### EXERCISE DESCRIPTION
What is needed is an exact repeat of the lines from the one holding "Solid Carbide - Spiral" through the final line of the data, with no pictures.

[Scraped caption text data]
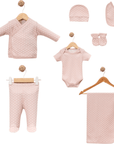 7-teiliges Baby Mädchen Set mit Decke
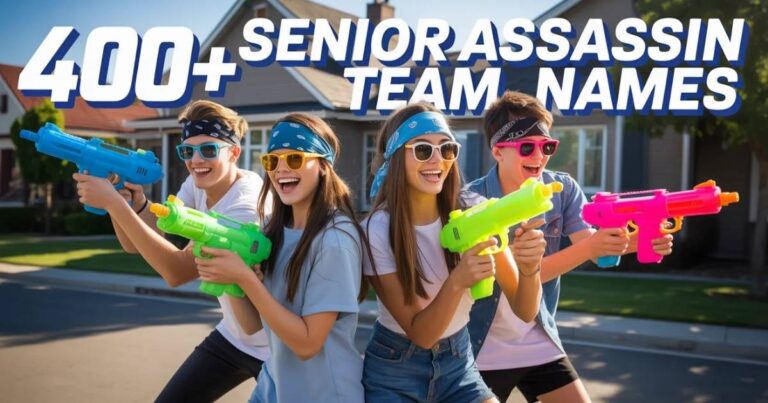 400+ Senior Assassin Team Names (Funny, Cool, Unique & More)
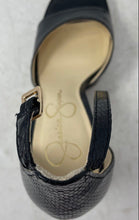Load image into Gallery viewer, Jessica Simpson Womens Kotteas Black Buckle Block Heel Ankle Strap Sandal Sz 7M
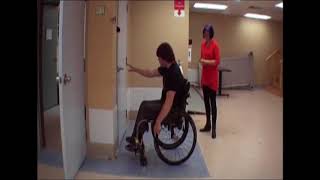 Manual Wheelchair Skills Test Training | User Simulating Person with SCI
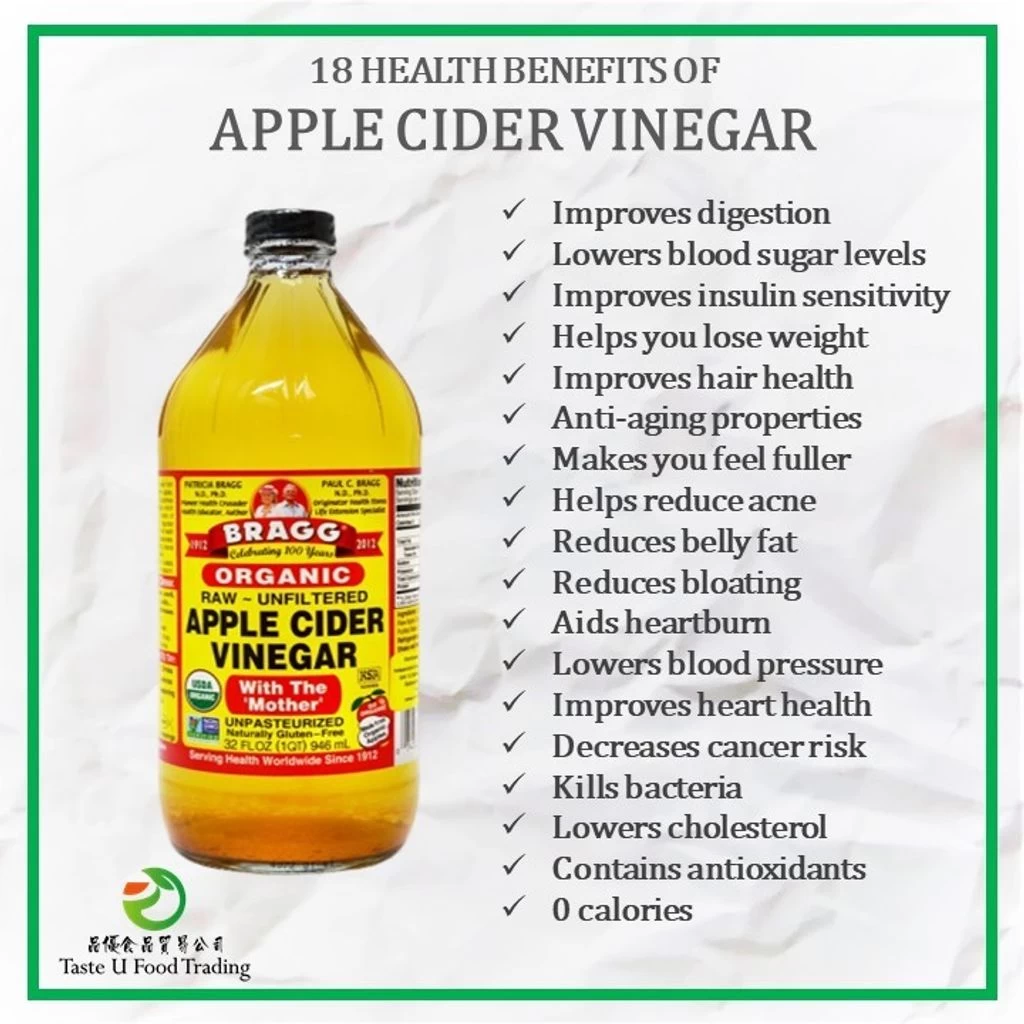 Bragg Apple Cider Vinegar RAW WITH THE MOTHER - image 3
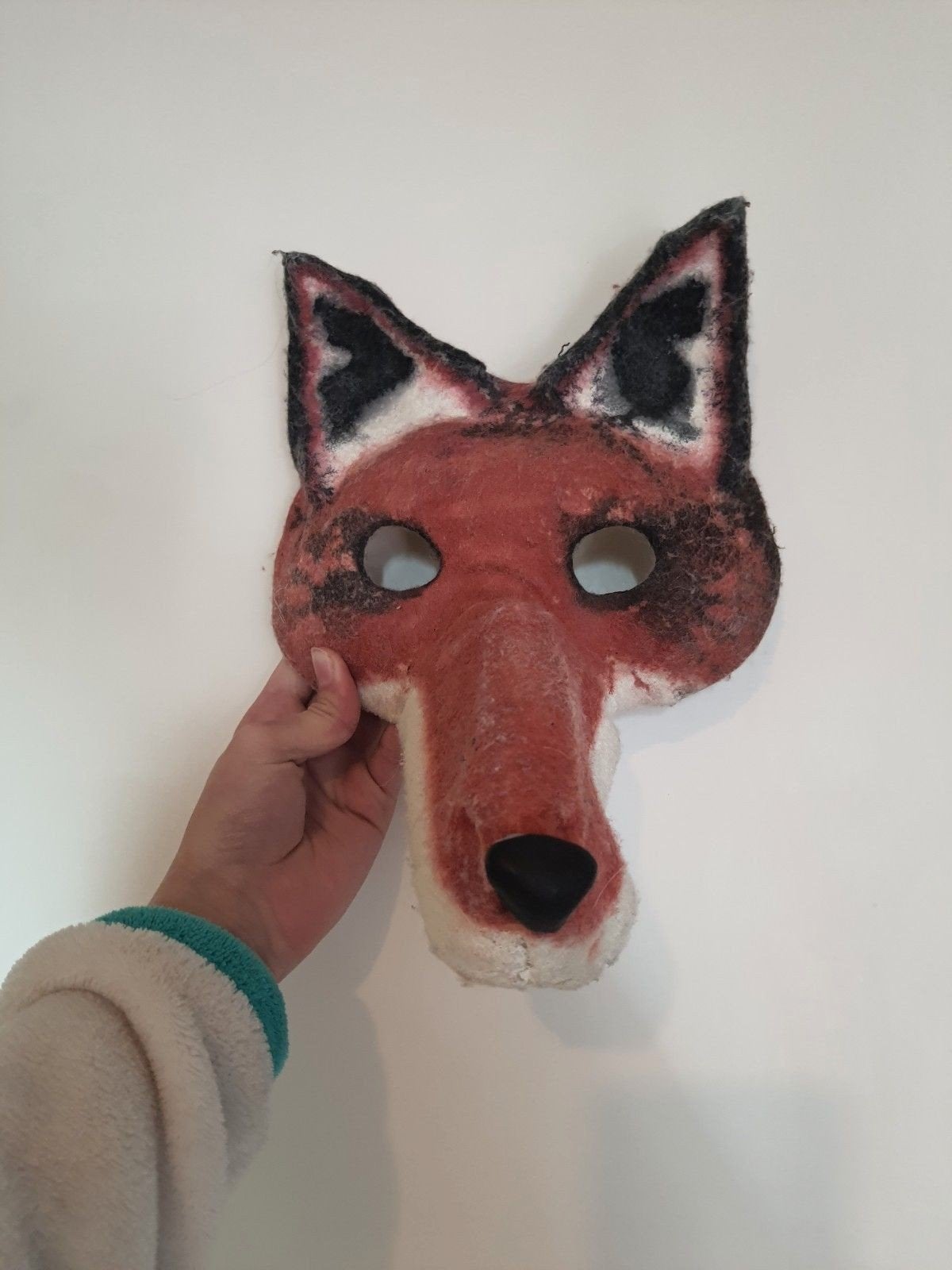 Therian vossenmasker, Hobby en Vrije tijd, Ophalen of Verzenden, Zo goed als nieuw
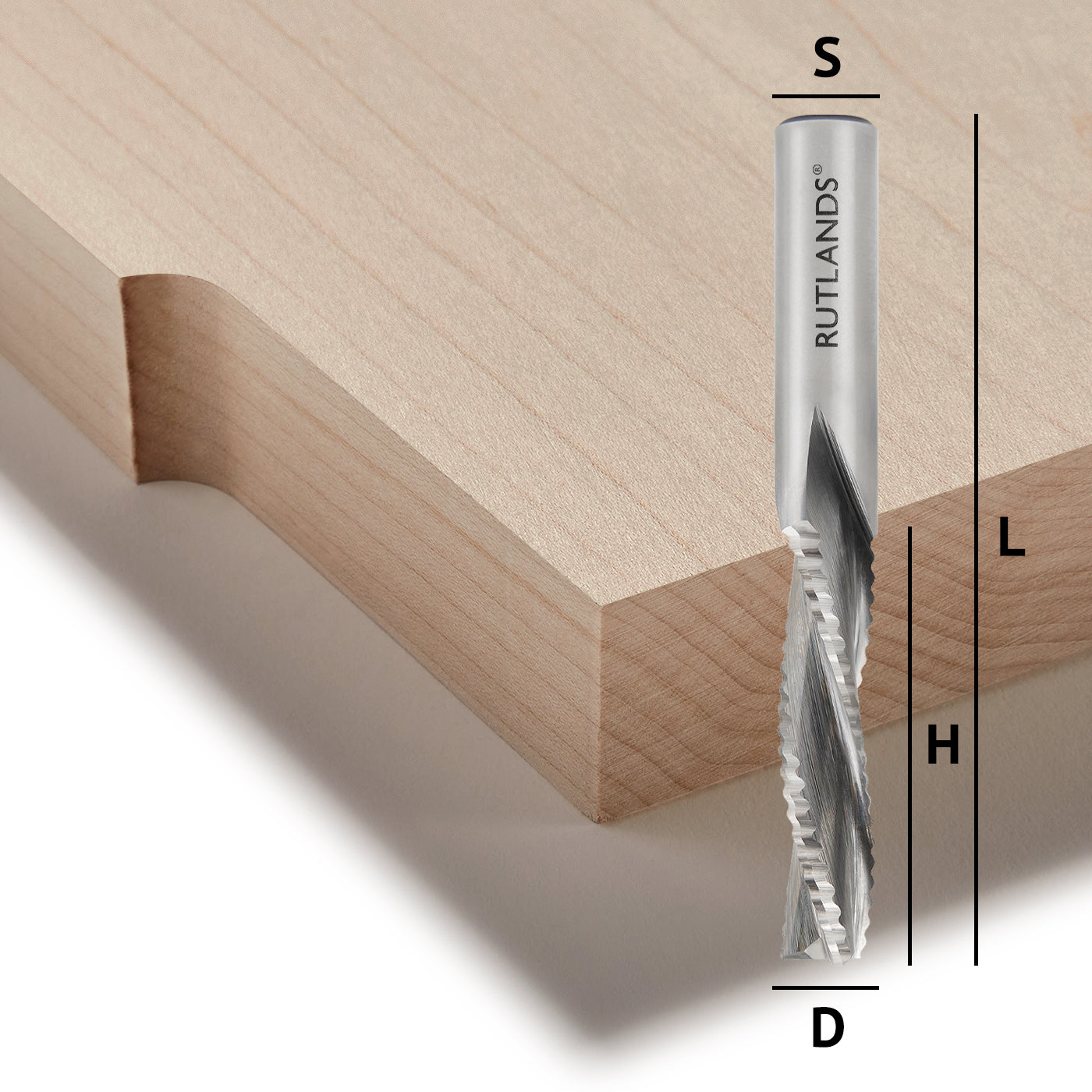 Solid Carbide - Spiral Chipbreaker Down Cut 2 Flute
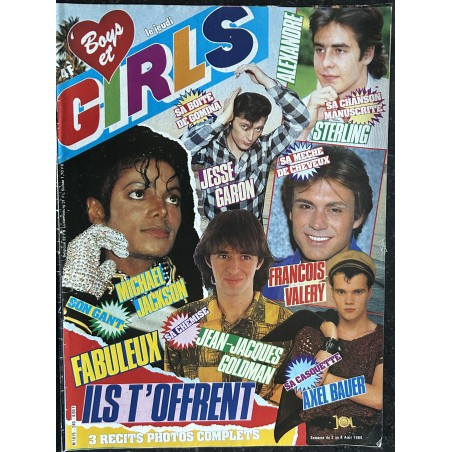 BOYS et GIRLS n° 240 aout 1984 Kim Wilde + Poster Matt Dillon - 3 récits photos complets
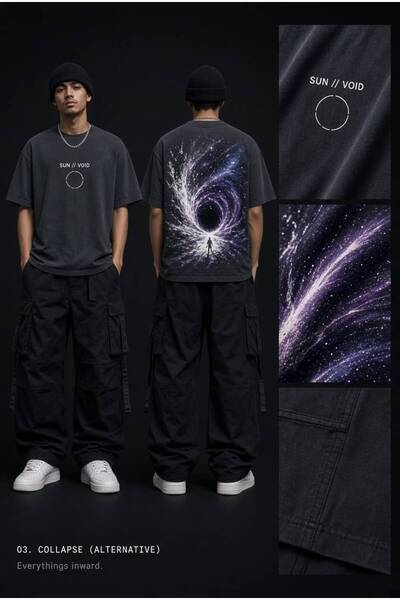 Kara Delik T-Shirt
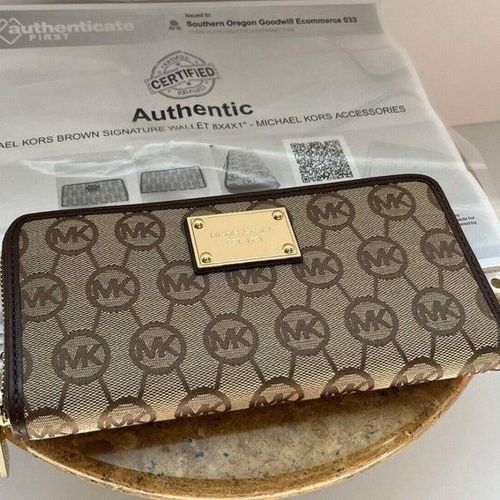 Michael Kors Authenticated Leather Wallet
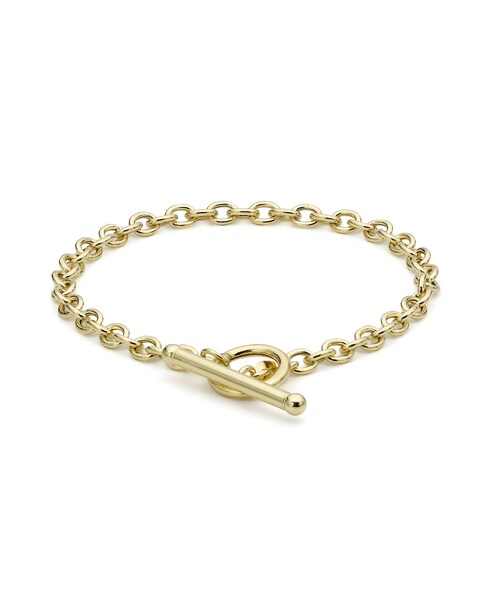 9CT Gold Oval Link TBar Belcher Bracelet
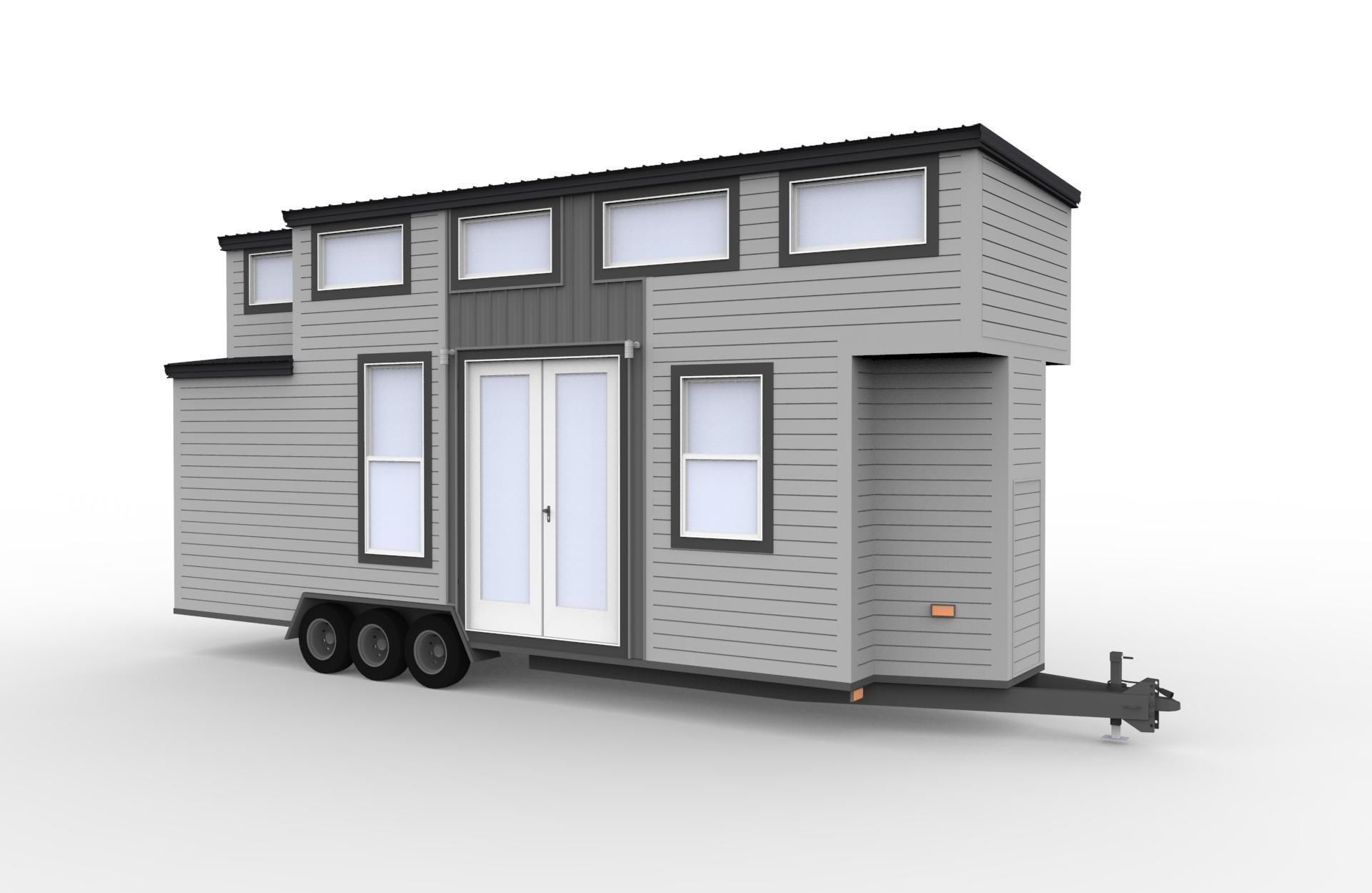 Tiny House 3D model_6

### SOLUTION FOR THIS PROBLEM
 Solid Carbide - Spiral Chipbreaker Down Cut 2 Flute
 BOYS et GIRLS n° 240 aout 1984 Kim Wilde + Poster Matt Dillon - 3 récits photos complets
 Kara Delik T-Shirt
 Michael Kors Authenticated Leather Wallet
 9CT Gold Oval Link TBar Belcher Bracelet
 Tiny House 3D model_6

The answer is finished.